Levenslessen in fantasievol boek van Dave Eggers
De 12-jarige Gran Bloempjes ontdekt dat zijn klasgenoot Catalina Catalan op een willekeurige plek een handgreep in het zand plaatst en vervolgens een ondergrondse wereld vol tunnels opent. Wanneer hij haar volgt, ziet hij dat de gangen door haar worden gestut met de meest uiteenlopende voorwerpen: een rechtopstaande duikplank, een autobumper of de stok van een polsstokhoogspringer bijvoorbeeld.
Zo probeert ze zinkgaten te voorkomen, waardoor gebouwen in de diepte dreigen te verdwijnen. Ook is er de strijd tegen de Holtes, die aangetrokken worden door wanhoop en alles willen vernielen.
„Fantasie, mysterie en vriendschap” zijn de terechte trefwoorden op het omslag van dit jeugdboek (10+) van de Amerikaanse schrijver Dave Eggers. Het boek heeft 113 hoofdstukken, die soms maar uit een enkel woord bestaan. Het perspectief wisselt tussen Gran en Catalina en de verteller neemt ook een paar keer zelf het woord om zijn bedoeling duidelijk te maken. Zo zegt hij: „Een belofte is als de aarde onder ons. Ze moet betrouwbaar zijn. Zo is het ook met beloften. Ze houden ons overeind.”

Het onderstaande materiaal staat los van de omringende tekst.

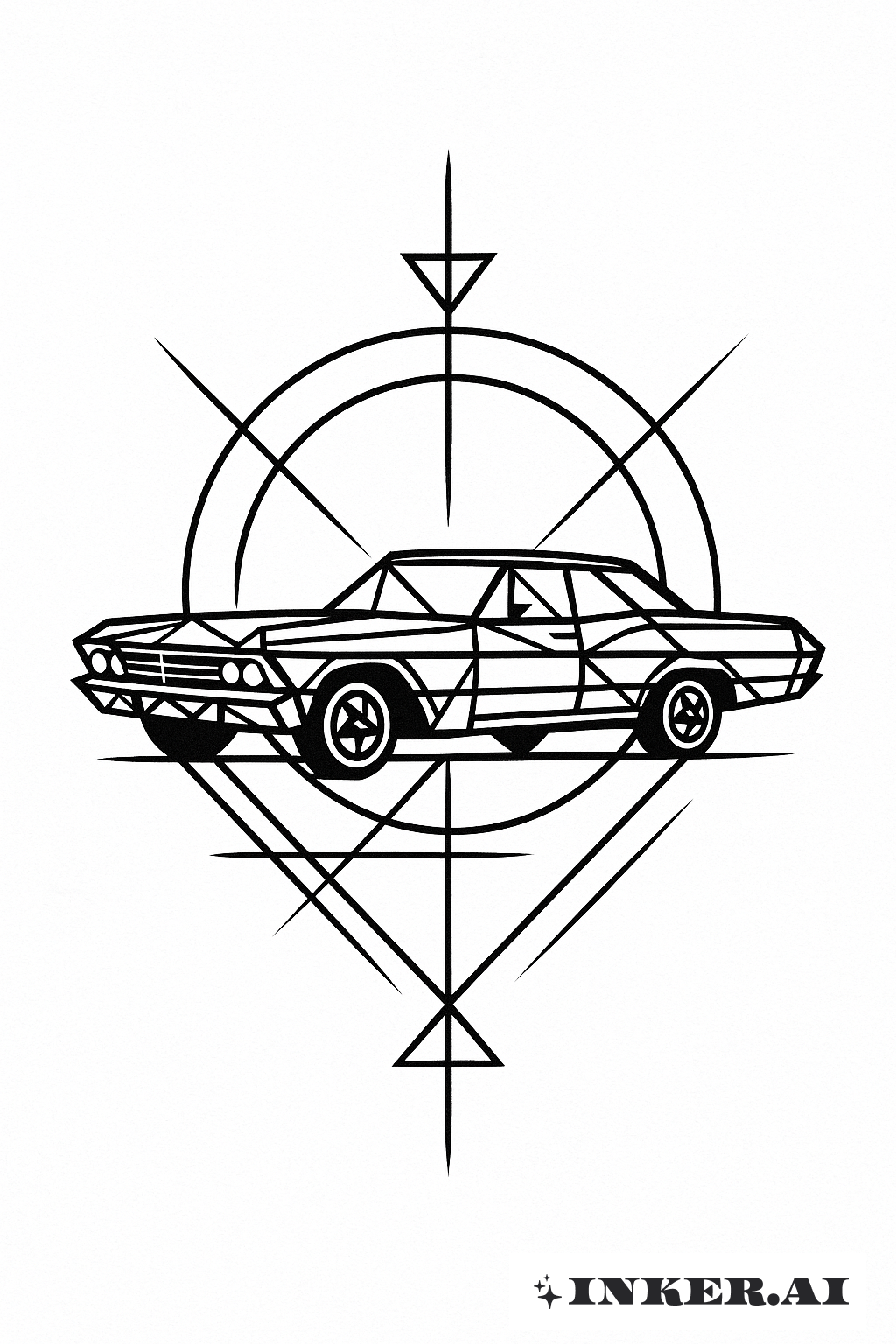 Der Übernatürliche Impala als Geometrisches Konstrukt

Echt verrassend of spannend wordt het verhaal niet, maar het leest door de bondige schrijfstijl heel gemakkelijk. Voor kinderen die van een fantasierijk verhaal houden is dit boek een pageturner. En wellicht begrijpen ze de levensles van Eggers: als niks lijkt wat het is en de grond onder je voeten dreigt weg te zakken, moet je er met elkaar de schouders onder zetten.
Boekgegevens
De tunnels, Dave Eggers; uitg. Moon; 349 blz.; € 16,99.